Reklama
Reklama

Matka to milionerka, a on szuka jedzenia na śmietniku. Madonna ma powody do wstydu?

Madonna to jedna z najbardziej znanych wokalistek na świecie. Wydawałoby się, że po ponad 40 latach na scenie i niesłabnącej popularności gwiazda i jej bliscy mogą pozwolić sobie dosłownie na wszystko. Tym bardziej dziwi więc fakt, że jedno z dzieci piosenkarki musi grzebać w śmietniku w poszukiwaniu jedzenia... Jeszcze większe zaskoczenie wywołuje jego podejście do sytuacji, w której się znalazł.

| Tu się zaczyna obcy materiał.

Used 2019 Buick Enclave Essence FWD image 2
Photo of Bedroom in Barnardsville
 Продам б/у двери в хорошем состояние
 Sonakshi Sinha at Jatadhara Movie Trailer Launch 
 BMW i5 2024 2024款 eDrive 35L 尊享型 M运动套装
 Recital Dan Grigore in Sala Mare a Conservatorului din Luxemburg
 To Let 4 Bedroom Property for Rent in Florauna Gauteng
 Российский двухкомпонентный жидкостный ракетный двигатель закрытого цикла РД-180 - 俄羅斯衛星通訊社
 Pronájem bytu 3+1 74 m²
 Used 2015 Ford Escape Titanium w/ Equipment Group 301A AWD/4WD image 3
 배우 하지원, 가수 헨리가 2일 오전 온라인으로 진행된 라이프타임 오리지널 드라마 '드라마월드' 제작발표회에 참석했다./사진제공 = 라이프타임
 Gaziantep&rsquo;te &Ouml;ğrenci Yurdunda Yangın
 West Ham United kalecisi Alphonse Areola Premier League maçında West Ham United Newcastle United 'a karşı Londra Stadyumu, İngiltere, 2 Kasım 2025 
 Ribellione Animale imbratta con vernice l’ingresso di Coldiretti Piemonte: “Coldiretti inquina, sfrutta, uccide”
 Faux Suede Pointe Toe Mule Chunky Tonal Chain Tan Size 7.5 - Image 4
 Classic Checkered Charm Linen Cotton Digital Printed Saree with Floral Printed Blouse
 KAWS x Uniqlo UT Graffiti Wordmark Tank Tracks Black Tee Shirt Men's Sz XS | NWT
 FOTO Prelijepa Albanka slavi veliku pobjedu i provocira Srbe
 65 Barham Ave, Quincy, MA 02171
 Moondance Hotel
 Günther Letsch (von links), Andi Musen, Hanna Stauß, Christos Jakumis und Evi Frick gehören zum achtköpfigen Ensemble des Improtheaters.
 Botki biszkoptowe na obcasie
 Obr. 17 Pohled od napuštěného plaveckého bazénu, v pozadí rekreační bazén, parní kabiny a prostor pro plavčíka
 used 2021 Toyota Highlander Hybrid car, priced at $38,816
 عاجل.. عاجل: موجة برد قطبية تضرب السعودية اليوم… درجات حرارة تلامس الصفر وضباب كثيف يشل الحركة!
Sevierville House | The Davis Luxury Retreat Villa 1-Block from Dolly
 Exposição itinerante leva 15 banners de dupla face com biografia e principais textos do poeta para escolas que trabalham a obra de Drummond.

Sukces goni sukces, a kontrowersja kontrowersję. Tak wygląda kariera Madonny

Madonna to legenda, której nikomu nie trzeba przedstawiać. Na scenie obecna jest nieprzerwanie od końca lat 70., choć oczywiście nie od razu zyskała międzynarodową sławę. Prawdziwy sukces przyniósł jednak już debiutancki album w 1983 r. Do tej pory piosenkarka wydała ich 14, które sprzedały się łącznie w 300 milionach egzemplarzy.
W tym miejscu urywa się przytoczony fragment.